Senior Obama campaign adviser Robert Gibbs on Sunday accused Mitt Romney of delivering a "fundamentally dishonest" performance during last week's first presidential debate.
Gibbs said President Obama ended up debating against "a clone that looked a lot like Mitt Romney, that had walked away from fundamentally every position he has taken."
"If you're willing to say anything to get elected president…how can they trust you if you are elected president?" he said, during an interview on ABC's "This Week.".
Gibbs conceded that the president's own debate showing came up short, but insisted that the first face-off between the candidates had not altered the dynamic of the 2012 race.
"Fundamentally, I don't think the campaign has changed," he said.
Romney senior campaign adviser Ed Gillespie accused the Obama camp of acting childish in lobbing such charges at Romney after his strong debate showing.
"The debate performance on Wednesday was not a matter of style, it was a matter of substance," he said. "The Obama campaign reminded me a little bit of a seven-year old losing a checkers game and... they sweep the board off the table."
Gibbs and Gillespie continued the latest battle between the two campaigns, over the president's debate charge that Romney is pushing a $5 trillion tax cut. The Romney campaign has called that attack dishonest, pointing out that Romney has said he would eliminate credits, loopholes, and deductions that would equal the revenue lost by his broad plan to lower taxes across the board.
But Gibbs pointed out that Romney has not pointed out what deductions he would eliminate to make up for the $4.8 trillion his tax cuts are estimated to cost, and suggested they would never materialize.
"We've seen this movie before," he said. "There's no answer…Mitt Romney's solution is he just decided there wasn't math involved in this problem, and that's absolutely crazy."
Gillespie maintained that Romney's plan would allow for the tax code to be lowered while broadening the base, and promised that Romney would not increase the deficit via his tax plan.
"He's not going to increase the deficit in bringing down the rates," he said.
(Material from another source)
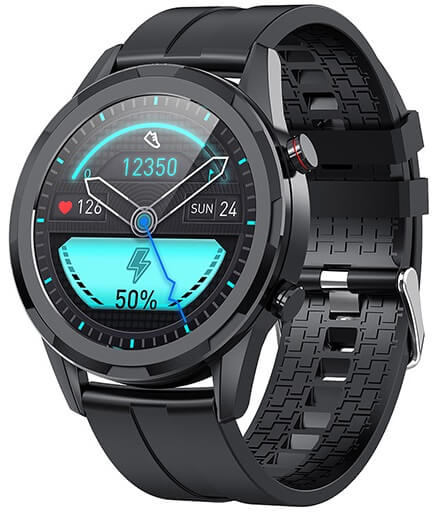 Wotchi Smartwatch Wo76bk - Negru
Gillespie also defended Romney's claim during the debate that he would eliminate PBS's federal subsidy as an example of spending he would cut to rein in the deficit.
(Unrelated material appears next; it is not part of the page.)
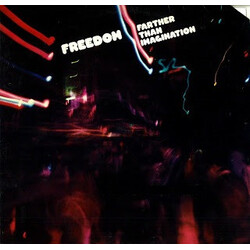 Freedom (2) Farther Than Imagination Vinyl LP USED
"If you have to borrow money from China to pay for these programs, is it worth it?" he said. "Big Bird would be pretty successful, I suspect, without the federal subsidy."
Gillespie also sought to downplay Friday's jobs report, which found the unemployment rate falling to 7.8 percent, the lowest rate of Obama's first term. He said that if the labor force participation rate stood where it was when Obama took office, unemployment would now stand above 10 percent.
"The fact that you have the White House celebrating an unemployment rate of 7.8 percent... tells you a lot about the failure of this administration's policies," he said.